Michael & I are heavy users of a video messaging app called Marco Polo (And we also work there). So we send lots of video messages to each other, some work-related and some just for fun. But sometimes, our videos get a little, uh, you know, long winded. So we wanted to see if we could use LLMs to edit out the unnecessary bits, aka "concicify" our videos.

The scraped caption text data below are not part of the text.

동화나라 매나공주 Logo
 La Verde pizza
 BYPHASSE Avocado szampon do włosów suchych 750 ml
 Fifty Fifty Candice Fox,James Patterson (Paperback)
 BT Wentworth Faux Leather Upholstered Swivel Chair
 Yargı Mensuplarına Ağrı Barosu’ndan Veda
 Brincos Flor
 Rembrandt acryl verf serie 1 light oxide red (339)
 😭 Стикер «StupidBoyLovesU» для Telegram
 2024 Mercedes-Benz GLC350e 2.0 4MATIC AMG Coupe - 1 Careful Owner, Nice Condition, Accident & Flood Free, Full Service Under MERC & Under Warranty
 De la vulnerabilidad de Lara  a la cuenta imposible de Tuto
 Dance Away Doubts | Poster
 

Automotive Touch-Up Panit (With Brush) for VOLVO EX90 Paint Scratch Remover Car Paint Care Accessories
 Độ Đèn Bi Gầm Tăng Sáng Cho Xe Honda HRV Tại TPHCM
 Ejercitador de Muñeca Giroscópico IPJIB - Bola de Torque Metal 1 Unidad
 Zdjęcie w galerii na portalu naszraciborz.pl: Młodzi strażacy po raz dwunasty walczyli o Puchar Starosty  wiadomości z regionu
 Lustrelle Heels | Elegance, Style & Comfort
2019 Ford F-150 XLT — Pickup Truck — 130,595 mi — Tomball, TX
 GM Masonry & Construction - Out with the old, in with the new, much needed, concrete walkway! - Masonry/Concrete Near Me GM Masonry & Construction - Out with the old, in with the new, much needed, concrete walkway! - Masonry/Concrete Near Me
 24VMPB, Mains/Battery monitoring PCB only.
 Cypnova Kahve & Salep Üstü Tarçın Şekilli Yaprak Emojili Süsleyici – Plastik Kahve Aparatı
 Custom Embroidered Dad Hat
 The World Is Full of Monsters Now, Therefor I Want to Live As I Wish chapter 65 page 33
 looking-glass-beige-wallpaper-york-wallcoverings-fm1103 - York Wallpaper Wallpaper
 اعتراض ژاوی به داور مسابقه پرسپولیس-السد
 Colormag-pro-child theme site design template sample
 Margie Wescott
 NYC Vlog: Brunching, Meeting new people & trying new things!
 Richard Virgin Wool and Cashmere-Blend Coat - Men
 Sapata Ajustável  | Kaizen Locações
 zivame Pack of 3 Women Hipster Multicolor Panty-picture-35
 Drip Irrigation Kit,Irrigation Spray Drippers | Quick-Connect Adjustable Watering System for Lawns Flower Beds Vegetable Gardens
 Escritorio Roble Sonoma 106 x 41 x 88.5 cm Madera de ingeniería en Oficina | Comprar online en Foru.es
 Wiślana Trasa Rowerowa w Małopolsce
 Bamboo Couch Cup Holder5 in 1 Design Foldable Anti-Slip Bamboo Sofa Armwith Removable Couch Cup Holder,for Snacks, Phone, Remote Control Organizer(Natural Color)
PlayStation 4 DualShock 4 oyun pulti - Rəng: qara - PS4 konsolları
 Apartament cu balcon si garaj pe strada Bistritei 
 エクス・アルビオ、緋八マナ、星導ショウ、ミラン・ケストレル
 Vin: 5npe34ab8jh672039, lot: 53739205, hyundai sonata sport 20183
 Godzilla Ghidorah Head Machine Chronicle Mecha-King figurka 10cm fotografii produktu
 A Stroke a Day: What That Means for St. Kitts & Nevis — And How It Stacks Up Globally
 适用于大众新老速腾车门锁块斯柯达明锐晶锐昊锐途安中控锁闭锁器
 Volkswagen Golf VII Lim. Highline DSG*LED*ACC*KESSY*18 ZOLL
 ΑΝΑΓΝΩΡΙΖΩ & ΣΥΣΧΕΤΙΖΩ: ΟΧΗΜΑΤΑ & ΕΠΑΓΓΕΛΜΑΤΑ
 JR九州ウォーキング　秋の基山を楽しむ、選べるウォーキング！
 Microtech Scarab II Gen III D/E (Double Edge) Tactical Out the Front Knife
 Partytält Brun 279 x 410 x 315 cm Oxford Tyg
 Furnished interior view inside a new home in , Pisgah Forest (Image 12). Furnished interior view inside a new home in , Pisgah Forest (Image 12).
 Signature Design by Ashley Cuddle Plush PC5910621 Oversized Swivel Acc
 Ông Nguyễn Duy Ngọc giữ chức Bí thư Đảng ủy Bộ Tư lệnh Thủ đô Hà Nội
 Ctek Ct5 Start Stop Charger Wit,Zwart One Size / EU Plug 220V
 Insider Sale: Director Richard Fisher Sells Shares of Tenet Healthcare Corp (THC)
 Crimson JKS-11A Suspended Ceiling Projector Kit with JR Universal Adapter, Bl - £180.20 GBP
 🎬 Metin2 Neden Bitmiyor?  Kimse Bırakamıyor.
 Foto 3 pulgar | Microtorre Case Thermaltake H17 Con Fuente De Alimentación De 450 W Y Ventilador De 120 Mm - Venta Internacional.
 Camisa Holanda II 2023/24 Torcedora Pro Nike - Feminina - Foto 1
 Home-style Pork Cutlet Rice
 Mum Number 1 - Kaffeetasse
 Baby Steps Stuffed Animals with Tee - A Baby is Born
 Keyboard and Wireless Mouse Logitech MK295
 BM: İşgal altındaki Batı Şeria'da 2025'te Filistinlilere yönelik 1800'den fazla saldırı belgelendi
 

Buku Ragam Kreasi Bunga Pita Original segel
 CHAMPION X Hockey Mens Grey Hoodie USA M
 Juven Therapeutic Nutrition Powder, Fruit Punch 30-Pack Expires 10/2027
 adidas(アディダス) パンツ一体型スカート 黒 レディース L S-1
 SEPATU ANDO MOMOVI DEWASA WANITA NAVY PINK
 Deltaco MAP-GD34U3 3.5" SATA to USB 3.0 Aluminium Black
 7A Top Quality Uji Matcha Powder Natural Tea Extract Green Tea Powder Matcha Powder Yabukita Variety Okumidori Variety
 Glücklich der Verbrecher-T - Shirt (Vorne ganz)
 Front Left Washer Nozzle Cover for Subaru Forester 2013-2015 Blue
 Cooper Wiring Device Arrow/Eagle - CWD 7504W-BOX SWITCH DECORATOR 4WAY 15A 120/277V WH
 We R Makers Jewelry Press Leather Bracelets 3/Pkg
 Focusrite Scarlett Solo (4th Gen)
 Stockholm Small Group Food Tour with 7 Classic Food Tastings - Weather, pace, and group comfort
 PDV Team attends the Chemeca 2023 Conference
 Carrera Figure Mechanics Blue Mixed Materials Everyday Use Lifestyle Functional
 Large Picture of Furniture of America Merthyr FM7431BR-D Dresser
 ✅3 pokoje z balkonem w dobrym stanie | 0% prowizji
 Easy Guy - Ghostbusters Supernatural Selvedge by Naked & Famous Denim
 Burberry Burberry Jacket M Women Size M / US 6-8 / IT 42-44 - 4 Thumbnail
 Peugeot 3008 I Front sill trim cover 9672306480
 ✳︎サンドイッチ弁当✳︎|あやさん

Concisify takes an input video (i.e. of a person talking), generates a transcript of the video via Whisper, then asks Anthropic Claude to indicate which parts of the video should be cut out (i.e. which are the unimportant, "filler" parts of the video). It then uses ffmpeg to cut out the unnecessary video parts and produce an output video file which is shown in the front end NextJS UI.
We used AWS for hosting our web app front end which uses NextJS, with a backend AWS lambda function for converting the videos. AWS Bedrock was used for querying the Anthropic Claude model. We also used SST for orchestrating AWS deploys, and the Whisper API for getting transcripts of videos. We also use the ffmpeg library for clipping the video.
But how much "concifying" is the right amount of concicifying? We have no idea, so to find out we feature flagged it via LaunchDarkly, so now we can run some AB tests to find out which level of concification makes our users the happiest.
Trying to write Javascript code to parse transcripts with brackets was taking too long so we ended up getting Claude to do it for us, that was fun.
Prompt engineering is pretty tricky, feels like a milestone that we were able to come up with two novel prompts in short order
Also really proud to have spun up a working app in <6 hours!
Building feature flags is a lot easier with LaunchDarkly than what we're used to (i.e. in house feature flags). SST makes spinning up AWS resources feel great, and it's super cool to be able to quickly choose between LLM models via the Bedrock sandbox.
There's lots to do trying to make the editing more accurate (particularly getting the transcript to be more precises will help with this). We want to try using Amazon Transcribe to see if it helps with this, or maybe running Whisper ourselves on Bedrock.